Avec sa dégaine de bibliothécaire et son sourire discret, l’Australienne Carla Dal Forno bricole une coldwave captivante entre mélodies pop et instrumentaux planants sur son deuxième album, « Look Up Sharp ».

Les jeunes femmes de la relève électronique se débrouillent très bien toute seule. Kaitlyn Aurelia Smith, Kelly Lee Owens ou encore – entre autres – Molly Nilsson mènent chacune leur petit business d’une douce main de maître, allant jusqu’à gérer composition en home studio, visuels voire parfois même label. C’est le cas précis de l’Australienne Carla Dal Forno, nouvelle lointaine descendante des Suzanne Ciani et autre Laurie Anderson. Après avoir bourlingué dans différents groupes amateurs dans sa très créative Melbourne natale, c’est en Europe qu’elle a véritablement commencé à prendre son envol. D’abord par un passage dans la Mecque berlinoise avant de s’installer depuis maintenant deux ans à Londres où – comme Kelly Lee Owens – elle a bossé chez un disquaire tout en continuant à faire de la musique dans son studio artisanal.

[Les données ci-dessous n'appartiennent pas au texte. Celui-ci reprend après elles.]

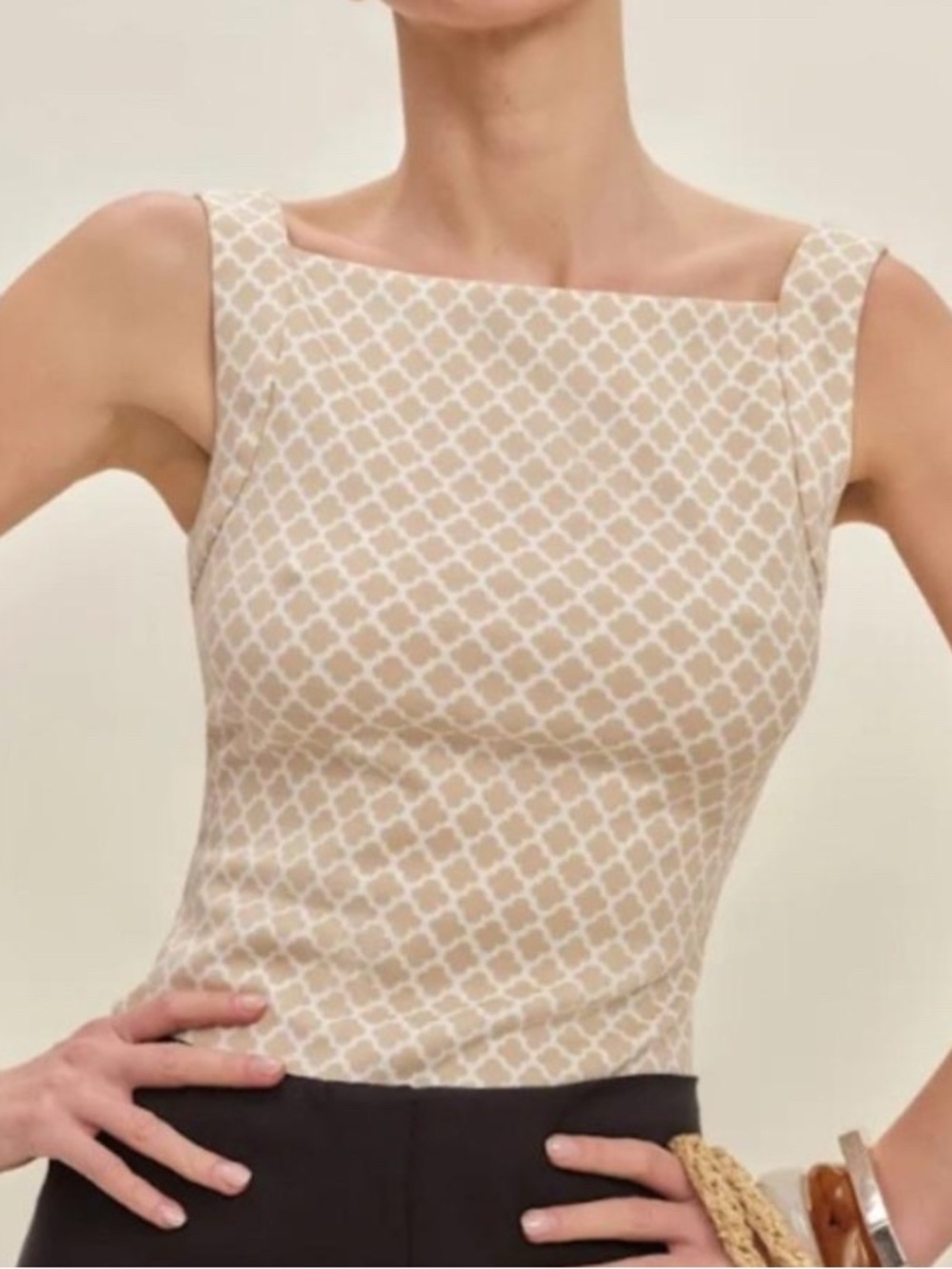 Reformation Beige Birch Knit Tank Top Size M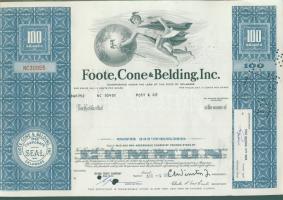 USA 1968. "Foote,Cone&Belding Inc." részvénye (6x) 2x3 egymásutáni sorszámmal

Un album (« You Know What It’s Like ») et deux EP’s (« The Garden » et un autre de reprises dont Lana Del Rey) encourageants mais parfois hésitants plus tard, elle a creusé son sillon entre instrumentaux d’inspiration ambient, grosse influence coldwave / post-punk 80’s et nappes de synthés analogiques. Rien de bien original pourrait-on se dire en 2019 quand des tas de groupes pouvant venir de Niort ou de Rostov-sur-le-Don se revendiquent de ces fameuses années 80 : vieille diva fatiguée désormais totalement fantasmée par toute une génération de jeunes musiciens.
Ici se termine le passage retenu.